= Eddy's Song =

1953 single by Eddy Arnold

"Eddy's Song" is a 1953 single by Eddy Arnold, written by Charlie Grean and Cy Coben. "Eddy's Song" spent three weeks at number one on the Country & Western chart and spent a total of thirteen weeks on the chart.

==Background==
The song's lyrics contains the titles of Arnold's best-known songs to that time, intertwined to affirm a man's dedication to his significant other. Included in the song's lyrics are the names of 10 of the 17 number one hits he had achieved on the Billboard country charts through late 1952, when Arnold recorded and released the song.
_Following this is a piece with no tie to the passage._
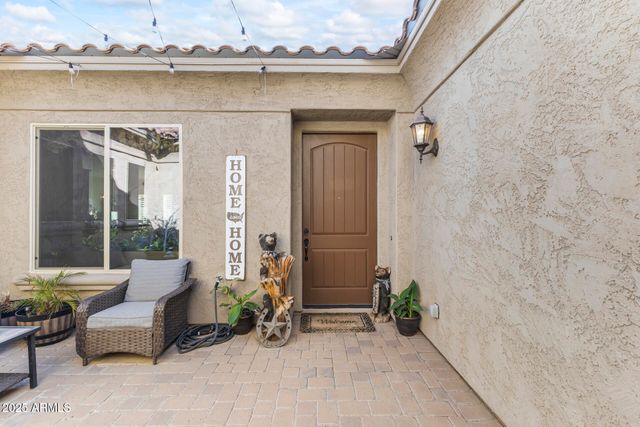 18495 W PARADISE Lane, Surprise, AZ 85388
Songs included are "Lovebug Itch," "Molly Darling," "I Wanna Play House With You," "Take Me in Your Arms and Hold Me," "Bouquet Of Roses," "Anytime," "There's No Wings On My Angel," "Easy on the Eyes," "There's Been a Change in Me," "A Full Time Job," "That's How Much I Love You," "It's a Sin," "What Is Life Without Love," "Just a Little Lovin' (Will Go a Long Way)," "Older and Bolder," "Don't Ever Take the Ribbons From Your Hair," "Rockin' Alone," "Easy Rockin' Chair," "Don't Rob Another Man's Castle," "Chained to a Memory," "Bundle of Southern Sunshine" and "Cuddle Buggin' Baby"

"Eddy's Song" went on to become Arnold's 18th No. 1 song on the Billboard country chart, and was listed as the No. 11 song on the magazine's year-end retail chart for country records and No. 18 for jukebox plays.